Let me encourage you, decide today to say, you know what? Every day is not gonna be great, but I’m gonna put in the time. It’s not about marking off tallies for God, it’s about marking out time with God. And when you approach the scriptures and allow it to shape your life, you’ll be changed for eternity.
Let’s pray.
Group Guide
Looking for community? Join a Together Group!
Meal & Conversation
Open the night with a quick prayer over your time together. As your Group shares a meal, use one or two of these questions to check in with everyone:
- What are your highs and lows for the week?
- What’s something God has been teaching you lately?
Overview of Teaching
All of us are living by a story. We tell ourselves stories about our identity, our purpose, and about how to find meaning and success in life. We also tell ourselves stories about the world around us, how it got this way, and how to fix it. The stories we believe end up being the stories we live out. But these stories we tell ourselves often fall short of reality. The Bible presents us with true reality, and it does so by telling us a story. Each part of Scripture, each book, each genre, each poem, and each law, fit together to tell one unified story that leads us to Jesus. And by learning to read Scripture as a story.
Discussion
Discuss the following questions as a Group before moving to the Practice:
- What resonated with you from the teaching on Sunday?
- Is reading Scripture as a story familiar to you? How have you typically understood what Scripture is?
- What questions about reading Scripture like a story do you still have?
- How did your practice of memorizing Scripture from last week go?
Practice
This week, we want to practice reading Scripture as a story by reading a large portion in one sitting, together. Throughout the history of the church, this was how much of the Bible would have been read — out loud in community. Use the steps below to do this practice right now as a community:
- First, decide who will read and what you’ll read. It can be one person for the whole passage, or you can split the reading among the whole group. Consider one of the following passages: Ruth, Psalm 119, Matthew 5-7, John 18-21, or Galatians 5-6.

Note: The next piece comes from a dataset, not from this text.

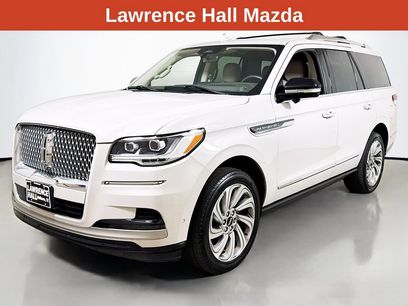 Used 2023 Lincoln Navigator Reserve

- Get comfortable. You’ll be reading for the next 20-30 minutes, so make sure you won’t be distracted.
- Have someone pray before you start. Invite the Holy Spirit to help you listen and ask God to form you by what you read.
- Read through the passage out loud.
- After the last verse is read, don’t rush to get up. Spend a moment or two in silence and stillness to listen for what God might be stirring in you from what you read.

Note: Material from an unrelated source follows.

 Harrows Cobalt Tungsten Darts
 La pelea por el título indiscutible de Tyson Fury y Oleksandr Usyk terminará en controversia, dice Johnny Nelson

- After a moment or two of silence, have someone pray to thank God for the experience of reading his Word.
If you have extra time, talk about this experience. How did you feel? Where did you feel resistance and where did the reading resonate with you? What questions about the passage do you have? Also consider implementing this way of reading Scripture once a week, like during your Sabbath or on a family night.
Pray
As you end your night, spend some time praying for and encouraging one another.